Les revers de l’exaltante et historique passation civilisée du pouvoir

  De l’enrôlement aux votes, le président de la CENI Corneille Nangaa a perdu 27 du personnel de la CENI dont le comptable, 11 policiers et 3 autres tués par décapitation à Dekese (province du Kasaï). Proches de ses collaborateurs, Nangaa se dit triste de voir ces malheureux victimes oubliées alors que ce sont eux les vrais héros de l’alternance. Il s’étonne même de ne plus recevoir les paiements et divers avantages du personnel de la CENI à ce jour, alors que ces derniers ont consacré leur vie à la CENI afin que la Rdc connaisse sa première élection générale.
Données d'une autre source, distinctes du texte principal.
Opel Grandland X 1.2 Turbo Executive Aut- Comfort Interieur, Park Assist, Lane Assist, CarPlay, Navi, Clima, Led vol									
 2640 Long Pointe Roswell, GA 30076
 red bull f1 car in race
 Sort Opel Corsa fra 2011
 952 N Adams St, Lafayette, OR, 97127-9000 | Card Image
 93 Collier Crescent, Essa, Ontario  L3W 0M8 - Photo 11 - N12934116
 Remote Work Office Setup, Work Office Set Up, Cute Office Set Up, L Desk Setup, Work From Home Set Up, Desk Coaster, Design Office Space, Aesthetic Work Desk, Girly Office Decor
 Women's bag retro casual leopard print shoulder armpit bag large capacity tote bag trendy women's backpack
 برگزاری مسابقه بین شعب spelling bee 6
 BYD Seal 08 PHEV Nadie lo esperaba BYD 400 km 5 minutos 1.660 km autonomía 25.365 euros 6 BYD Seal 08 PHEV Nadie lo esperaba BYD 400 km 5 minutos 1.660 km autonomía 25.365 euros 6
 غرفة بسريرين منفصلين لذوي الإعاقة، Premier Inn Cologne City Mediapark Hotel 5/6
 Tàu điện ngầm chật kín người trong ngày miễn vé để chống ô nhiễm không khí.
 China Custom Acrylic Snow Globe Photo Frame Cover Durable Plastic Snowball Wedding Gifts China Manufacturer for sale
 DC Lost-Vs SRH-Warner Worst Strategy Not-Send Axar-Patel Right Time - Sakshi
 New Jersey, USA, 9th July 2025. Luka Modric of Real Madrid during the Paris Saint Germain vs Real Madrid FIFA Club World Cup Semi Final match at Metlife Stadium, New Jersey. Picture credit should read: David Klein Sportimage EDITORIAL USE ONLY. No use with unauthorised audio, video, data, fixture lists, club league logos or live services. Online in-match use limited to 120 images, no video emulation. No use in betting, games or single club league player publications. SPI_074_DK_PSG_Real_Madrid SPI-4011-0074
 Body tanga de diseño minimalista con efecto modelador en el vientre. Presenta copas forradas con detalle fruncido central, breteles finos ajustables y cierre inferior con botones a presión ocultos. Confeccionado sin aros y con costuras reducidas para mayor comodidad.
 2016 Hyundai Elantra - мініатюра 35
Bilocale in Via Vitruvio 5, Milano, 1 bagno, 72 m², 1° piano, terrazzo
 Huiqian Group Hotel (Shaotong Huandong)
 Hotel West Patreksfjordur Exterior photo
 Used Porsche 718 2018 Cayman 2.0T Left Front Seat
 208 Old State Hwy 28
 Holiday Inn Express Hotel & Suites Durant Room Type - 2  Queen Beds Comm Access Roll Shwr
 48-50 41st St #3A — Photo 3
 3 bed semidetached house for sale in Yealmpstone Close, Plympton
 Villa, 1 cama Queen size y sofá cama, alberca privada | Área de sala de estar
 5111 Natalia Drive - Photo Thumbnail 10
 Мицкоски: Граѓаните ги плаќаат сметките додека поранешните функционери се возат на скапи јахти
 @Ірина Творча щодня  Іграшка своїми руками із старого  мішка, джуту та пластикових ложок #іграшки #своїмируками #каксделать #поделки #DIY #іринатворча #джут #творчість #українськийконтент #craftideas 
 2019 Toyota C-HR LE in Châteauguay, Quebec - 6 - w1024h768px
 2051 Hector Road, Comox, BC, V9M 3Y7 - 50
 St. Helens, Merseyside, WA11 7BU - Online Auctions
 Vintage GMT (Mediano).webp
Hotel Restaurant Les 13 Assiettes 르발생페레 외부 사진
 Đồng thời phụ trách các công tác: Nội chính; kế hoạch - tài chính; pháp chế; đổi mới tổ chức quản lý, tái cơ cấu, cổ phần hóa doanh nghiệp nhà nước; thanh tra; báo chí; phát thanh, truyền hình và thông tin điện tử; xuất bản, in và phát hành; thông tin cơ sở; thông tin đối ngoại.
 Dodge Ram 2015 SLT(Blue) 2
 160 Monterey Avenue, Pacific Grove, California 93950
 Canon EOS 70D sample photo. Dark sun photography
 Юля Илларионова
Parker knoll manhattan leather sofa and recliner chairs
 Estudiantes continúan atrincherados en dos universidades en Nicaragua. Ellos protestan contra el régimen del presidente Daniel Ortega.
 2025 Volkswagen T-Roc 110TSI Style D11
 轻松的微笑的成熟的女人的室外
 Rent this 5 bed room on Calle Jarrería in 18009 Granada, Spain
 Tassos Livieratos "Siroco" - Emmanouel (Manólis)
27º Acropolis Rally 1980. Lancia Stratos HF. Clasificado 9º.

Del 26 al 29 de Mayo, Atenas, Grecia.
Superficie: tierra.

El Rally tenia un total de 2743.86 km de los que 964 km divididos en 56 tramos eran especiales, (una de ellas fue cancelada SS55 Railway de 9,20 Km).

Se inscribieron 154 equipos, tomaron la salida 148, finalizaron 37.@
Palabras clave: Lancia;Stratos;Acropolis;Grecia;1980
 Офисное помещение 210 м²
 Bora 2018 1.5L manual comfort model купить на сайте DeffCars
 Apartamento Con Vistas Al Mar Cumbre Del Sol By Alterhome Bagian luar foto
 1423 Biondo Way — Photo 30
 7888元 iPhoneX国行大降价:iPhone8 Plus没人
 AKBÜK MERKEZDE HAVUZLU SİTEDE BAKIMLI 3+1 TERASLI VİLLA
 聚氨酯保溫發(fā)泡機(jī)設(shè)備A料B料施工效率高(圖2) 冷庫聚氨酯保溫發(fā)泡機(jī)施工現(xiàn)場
Institution permanente d’appui à la démocratie, dans ses attributions la CENI est appelée, à la fin de chaque cycle électoral, à amorcer immédiatement les préparatifs du cycle suivant. Son fonctionnement ne peut connaître une interruption. Seulement, le constant fait par Corneille Nangaa est qu’à l’issue de chaque cycle électoral, l’intérêt de prendre en charge ses besoins tel que prévu par la loi est limité. « Cette situation est d’autant plus préjudiciable qu’elle impacte négativement sur les activités relevant de la période préélectorale telle que déclinée précédemment. Les frais de fonctionnement ne sont plus versés. Cette situation a pour conséquence, entre autres, l’impaiement de plusieurs mois d’arriérés des loyers d’une centaine d’entrepôts dans les 145 territoires et 32 villes du pays, l’incapacité de renouveler le loyer du segment spatial des V-SAT, interrompant ainsi la délivrance des duplicatas des cartes d’électeur sur l’étendue du territoire national, l’impaiement des factures d’eau  et d’électricité, l’instabilité des sources d’énergie, mettant en péril la gestion efficiente de son système d’information (réseaux, serveurs des bases des données électorales)», déplore le président de la CENI.

Concernant la rémunération, le personnel permanent de la CENI accuse à ce jour plus de huit mois d’arriérés de salaires et un rabattement arbitraire de plus de la moitié des salaires est appliqué à la CENI.

D’après Corneille Nangaa, la CENI n’a pas de siège et des entrepôts propres, car le siège actuel de la CENI fait l’objet d’un gros contentieux, alors que le site qui abritait ses entrepôts centraux a été cédé par le gouvernement à l’ambassade américaine.

 « Actuellement, tout le matériel et les équipements électoraux de la CENI à Kinshasa, se trouvent entreposés en plein air à l’aéroport international de N’djili. Et à travers toutes les provinces, les menaces de déguerpissement se multiplient, faute de paiement de plusieurs mois de loyer », conclu le président de la CENI.